What you should do:
If "Cotton" shows up in a line of the material, return that line.

(Extracted entries begins)

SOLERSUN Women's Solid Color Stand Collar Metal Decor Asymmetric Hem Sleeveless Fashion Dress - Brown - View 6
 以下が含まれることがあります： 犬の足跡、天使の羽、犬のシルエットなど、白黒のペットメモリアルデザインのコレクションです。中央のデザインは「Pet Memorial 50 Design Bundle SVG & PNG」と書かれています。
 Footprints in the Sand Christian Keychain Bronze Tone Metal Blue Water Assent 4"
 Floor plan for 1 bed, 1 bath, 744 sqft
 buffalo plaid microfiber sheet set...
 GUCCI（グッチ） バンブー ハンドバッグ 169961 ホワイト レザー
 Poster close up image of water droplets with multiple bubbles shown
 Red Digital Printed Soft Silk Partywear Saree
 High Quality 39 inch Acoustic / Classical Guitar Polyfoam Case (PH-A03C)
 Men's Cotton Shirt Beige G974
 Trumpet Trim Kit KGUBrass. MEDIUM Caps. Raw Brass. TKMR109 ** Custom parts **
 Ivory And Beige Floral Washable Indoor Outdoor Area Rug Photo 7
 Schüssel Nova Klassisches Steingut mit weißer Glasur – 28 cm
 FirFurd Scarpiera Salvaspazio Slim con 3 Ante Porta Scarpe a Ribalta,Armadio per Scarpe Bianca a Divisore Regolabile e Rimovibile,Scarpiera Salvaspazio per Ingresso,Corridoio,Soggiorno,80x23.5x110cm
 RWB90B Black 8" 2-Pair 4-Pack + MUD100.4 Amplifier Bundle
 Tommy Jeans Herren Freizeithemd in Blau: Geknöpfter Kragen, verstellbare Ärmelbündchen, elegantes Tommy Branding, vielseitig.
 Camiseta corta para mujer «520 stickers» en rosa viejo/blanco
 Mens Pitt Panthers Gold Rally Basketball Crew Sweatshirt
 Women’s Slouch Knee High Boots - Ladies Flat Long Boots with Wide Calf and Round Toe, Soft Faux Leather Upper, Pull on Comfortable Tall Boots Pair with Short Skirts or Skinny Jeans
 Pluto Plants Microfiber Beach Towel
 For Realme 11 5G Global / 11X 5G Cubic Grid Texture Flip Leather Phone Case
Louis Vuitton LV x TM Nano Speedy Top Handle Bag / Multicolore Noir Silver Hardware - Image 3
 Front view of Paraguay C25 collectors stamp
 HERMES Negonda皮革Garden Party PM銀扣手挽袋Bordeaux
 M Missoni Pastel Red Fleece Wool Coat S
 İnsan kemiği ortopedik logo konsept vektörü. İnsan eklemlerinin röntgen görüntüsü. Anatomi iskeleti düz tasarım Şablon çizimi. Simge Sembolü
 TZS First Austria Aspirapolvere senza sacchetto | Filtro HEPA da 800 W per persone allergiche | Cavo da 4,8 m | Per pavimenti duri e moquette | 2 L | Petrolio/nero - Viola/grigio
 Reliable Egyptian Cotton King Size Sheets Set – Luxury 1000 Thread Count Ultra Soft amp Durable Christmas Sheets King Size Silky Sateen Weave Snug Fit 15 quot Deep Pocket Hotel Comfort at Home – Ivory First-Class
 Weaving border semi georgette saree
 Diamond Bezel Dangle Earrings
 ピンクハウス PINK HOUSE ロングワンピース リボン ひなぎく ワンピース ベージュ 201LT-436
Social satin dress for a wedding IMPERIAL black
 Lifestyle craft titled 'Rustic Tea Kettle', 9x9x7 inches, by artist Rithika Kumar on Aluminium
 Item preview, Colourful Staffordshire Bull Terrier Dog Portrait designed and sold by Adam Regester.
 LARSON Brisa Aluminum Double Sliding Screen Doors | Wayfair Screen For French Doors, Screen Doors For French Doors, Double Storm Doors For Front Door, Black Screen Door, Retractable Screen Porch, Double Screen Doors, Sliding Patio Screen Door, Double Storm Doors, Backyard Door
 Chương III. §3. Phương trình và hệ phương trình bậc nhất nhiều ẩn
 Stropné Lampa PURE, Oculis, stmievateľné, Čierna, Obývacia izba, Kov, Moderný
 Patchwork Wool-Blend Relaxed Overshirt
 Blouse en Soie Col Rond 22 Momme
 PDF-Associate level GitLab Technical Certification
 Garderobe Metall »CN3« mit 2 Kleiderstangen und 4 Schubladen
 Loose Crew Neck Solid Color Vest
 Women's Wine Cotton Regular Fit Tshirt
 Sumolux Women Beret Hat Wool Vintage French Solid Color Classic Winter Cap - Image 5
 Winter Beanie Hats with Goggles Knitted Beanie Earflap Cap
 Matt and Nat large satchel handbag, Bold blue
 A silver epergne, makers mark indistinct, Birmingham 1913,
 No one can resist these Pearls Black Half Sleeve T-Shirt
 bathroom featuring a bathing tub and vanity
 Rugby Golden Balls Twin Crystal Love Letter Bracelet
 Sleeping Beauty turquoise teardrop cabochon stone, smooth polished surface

(Extracted entries ends)

Response to the exercise:
 Men's Cotton Shirt Beige G974
 Reliable Egyptian Cotton King Size Sheets Set – Luxury 1000 Thread Count Ultra Soft amp Durable Christmas Sheets King Size Silky Sateen Weave Snug Fit 15 quot Deep Pocket Hotel Comfort at Home – Ivory First-Class
 Women's Wine Cotton Regular Fit Tshirt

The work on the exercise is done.